Databricks Community

playermanny2 · ‎04-25-2023

We have Databricks set up and running on Azure. Now we want to connect it with Redshift (AWS) to perform further downstream analysis for our redshift users.

I could find the documentation on how to do it within the same cloud (Either AWS or Azure) but not cross cloud.

So was wondering what would be the best approach to allow redshift to read the delta lake hosted in azure. I was hoping some sort of glue catalog could be set-up and that could allow reading from redshift as an external table

Highly appreciate the help.

Anonymous · ‎04-26-2023

@Manny Cato :

To allow Redshift to read data from Delta Lake hosted on Azure, you can use AWS Glue Data Catalog as an intermediary. The Glue Data Catalog is a fully managed metadata catalog that integrates with a variety of data sources, including Delta Lake and Redshift, to enable cross-cloud data integration.

Here are the high-level steps you can follow to set up this integration:

Create an AWS Glue Data Catalog in your AWS account.
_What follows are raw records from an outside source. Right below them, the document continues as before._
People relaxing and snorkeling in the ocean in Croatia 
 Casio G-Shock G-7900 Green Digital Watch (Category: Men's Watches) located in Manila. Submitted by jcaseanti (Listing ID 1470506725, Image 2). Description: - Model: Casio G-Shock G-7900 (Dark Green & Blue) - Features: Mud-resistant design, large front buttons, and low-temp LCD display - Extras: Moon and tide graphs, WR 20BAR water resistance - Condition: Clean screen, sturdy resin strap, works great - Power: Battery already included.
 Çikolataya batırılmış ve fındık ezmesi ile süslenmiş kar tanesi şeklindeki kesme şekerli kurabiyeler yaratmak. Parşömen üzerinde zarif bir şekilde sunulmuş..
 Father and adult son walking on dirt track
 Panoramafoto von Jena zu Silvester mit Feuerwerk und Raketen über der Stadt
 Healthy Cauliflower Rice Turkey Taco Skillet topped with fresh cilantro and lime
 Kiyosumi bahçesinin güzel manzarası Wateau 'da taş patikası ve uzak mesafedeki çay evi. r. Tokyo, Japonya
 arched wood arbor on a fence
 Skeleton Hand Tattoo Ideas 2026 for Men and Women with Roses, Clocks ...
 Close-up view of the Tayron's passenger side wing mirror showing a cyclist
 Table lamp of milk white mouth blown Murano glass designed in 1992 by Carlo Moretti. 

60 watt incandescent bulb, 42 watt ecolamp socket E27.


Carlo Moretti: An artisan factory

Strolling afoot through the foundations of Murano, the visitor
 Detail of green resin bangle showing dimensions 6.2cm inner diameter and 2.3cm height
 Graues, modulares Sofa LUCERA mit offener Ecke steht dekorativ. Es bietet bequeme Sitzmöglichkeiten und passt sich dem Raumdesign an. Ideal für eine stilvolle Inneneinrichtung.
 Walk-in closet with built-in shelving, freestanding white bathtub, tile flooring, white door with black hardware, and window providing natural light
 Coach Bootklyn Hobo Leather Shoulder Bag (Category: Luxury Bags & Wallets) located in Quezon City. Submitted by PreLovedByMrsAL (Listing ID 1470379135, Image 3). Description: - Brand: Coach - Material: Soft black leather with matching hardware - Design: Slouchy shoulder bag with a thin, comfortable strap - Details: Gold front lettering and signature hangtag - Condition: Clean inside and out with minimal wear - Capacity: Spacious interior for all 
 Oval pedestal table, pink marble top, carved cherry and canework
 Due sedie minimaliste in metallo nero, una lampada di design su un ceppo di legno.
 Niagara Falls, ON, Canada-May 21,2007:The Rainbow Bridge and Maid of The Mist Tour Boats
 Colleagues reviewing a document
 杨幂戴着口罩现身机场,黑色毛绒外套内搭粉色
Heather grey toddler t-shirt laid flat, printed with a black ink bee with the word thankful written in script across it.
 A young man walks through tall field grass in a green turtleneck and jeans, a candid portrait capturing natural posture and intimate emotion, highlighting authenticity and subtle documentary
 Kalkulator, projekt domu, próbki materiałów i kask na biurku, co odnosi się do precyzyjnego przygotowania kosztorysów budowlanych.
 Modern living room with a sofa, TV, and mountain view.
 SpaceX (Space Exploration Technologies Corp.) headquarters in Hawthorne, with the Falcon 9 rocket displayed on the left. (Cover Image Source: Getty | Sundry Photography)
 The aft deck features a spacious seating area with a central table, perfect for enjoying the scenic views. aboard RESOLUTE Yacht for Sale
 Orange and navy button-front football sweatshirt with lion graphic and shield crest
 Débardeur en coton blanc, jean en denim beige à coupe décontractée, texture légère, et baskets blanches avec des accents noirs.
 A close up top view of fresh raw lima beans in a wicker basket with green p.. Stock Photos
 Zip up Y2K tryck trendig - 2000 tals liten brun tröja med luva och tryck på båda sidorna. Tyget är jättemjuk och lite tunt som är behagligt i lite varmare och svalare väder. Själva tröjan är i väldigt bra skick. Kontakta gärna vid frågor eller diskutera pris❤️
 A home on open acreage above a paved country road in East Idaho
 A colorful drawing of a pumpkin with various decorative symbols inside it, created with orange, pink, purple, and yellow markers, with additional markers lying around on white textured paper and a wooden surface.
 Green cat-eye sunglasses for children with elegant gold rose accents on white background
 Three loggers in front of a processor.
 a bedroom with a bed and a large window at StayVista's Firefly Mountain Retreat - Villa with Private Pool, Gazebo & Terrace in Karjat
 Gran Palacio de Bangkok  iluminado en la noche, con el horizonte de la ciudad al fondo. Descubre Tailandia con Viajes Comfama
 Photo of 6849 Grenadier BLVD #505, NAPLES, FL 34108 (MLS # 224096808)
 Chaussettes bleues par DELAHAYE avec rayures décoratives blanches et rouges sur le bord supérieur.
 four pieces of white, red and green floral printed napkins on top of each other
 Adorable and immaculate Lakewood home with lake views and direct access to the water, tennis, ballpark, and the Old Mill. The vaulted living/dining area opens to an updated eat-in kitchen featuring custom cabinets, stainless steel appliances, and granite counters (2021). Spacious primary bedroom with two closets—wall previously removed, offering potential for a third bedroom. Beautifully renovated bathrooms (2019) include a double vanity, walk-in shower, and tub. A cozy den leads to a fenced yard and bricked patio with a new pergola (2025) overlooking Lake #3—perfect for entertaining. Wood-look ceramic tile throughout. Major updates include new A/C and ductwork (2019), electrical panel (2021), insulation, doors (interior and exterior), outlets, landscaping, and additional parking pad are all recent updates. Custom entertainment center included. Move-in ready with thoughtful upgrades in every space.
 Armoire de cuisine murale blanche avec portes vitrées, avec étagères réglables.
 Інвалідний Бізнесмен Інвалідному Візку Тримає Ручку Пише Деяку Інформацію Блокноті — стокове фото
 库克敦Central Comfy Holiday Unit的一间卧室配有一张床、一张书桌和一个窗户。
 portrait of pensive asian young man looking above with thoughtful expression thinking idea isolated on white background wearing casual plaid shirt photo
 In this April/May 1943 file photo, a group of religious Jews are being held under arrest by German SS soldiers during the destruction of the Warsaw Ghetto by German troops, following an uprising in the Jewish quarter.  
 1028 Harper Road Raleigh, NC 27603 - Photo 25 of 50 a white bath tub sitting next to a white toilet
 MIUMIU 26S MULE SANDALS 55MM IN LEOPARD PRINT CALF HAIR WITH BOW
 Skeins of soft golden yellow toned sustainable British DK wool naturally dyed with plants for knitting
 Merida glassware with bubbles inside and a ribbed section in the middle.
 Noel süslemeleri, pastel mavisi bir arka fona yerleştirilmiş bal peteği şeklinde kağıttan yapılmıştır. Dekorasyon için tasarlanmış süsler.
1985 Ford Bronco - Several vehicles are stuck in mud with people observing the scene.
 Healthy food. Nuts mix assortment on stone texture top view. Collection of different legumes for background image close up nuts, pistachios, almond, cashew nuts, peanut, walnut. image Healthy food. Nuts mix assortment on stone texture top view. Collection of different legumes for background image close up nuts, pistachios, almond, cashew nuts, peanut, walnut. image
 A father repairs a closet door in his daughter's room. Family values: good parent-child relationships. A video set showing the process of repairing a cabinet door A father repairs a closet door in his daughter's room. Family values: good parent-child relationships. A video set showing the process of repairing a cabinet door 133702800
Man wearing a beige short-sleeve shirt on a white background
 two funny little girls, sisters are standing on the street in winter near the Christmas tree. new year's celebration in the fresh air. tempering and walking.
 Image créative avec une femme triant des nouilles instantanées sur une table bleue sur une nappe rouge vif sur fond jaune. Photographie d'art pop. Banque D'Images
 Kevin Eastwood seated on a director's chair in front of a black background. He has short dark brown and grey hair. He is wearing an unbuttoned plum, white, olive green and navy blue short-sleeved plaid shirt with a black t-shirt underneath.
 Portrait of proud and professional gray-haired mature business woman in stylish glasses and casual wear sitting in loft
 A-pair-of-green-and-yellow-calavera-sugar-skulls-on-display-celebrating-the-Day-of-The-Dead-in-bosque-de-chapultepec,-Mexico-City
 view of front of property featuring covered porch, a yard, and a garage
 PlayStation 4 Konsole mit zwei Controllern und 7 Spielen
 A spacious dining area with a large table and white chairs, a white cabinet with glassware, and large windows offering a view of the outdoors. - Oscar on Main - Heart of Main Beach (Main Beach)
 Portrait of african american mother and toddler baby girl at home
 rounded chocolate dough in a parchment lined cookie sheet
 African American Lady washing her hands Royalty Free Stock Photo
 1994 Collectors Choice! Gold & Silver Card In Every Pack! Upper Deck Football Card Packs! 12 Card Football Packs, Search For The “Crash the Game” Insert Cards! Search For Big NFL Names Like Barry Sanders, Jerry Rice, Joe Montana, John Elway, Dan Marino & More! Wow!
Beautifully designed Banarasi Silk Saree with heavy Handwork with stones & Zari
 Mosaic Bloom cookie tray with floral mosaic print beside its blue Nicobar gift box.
This will serve as the metadata repository for your data.
Set up a Glue Crawler to discover the schema and metadata for your Delta Lake table(s) hosted on Azure.
Configure a Glue ETL job to extract the data from your Delta Lake table(s) and load it into a Redshift cluster.
Define an external schema in Redshift that points to the Glue Data Catalog.
Create external tables in Redshift that reference the data in the Glue Data Catalog.
Query the data in Redshift as needed.

Note that there may be additional setup required for network connectivity between Azure and AWS, such as configuring VPC peering or VPN connections.

Overall, the approach of using AWS Glue Data Catalog as an intermediary allows you to seamlessly integrate data between cloud environments, while maintaining control over your data and maintaining a consistent metadata repository.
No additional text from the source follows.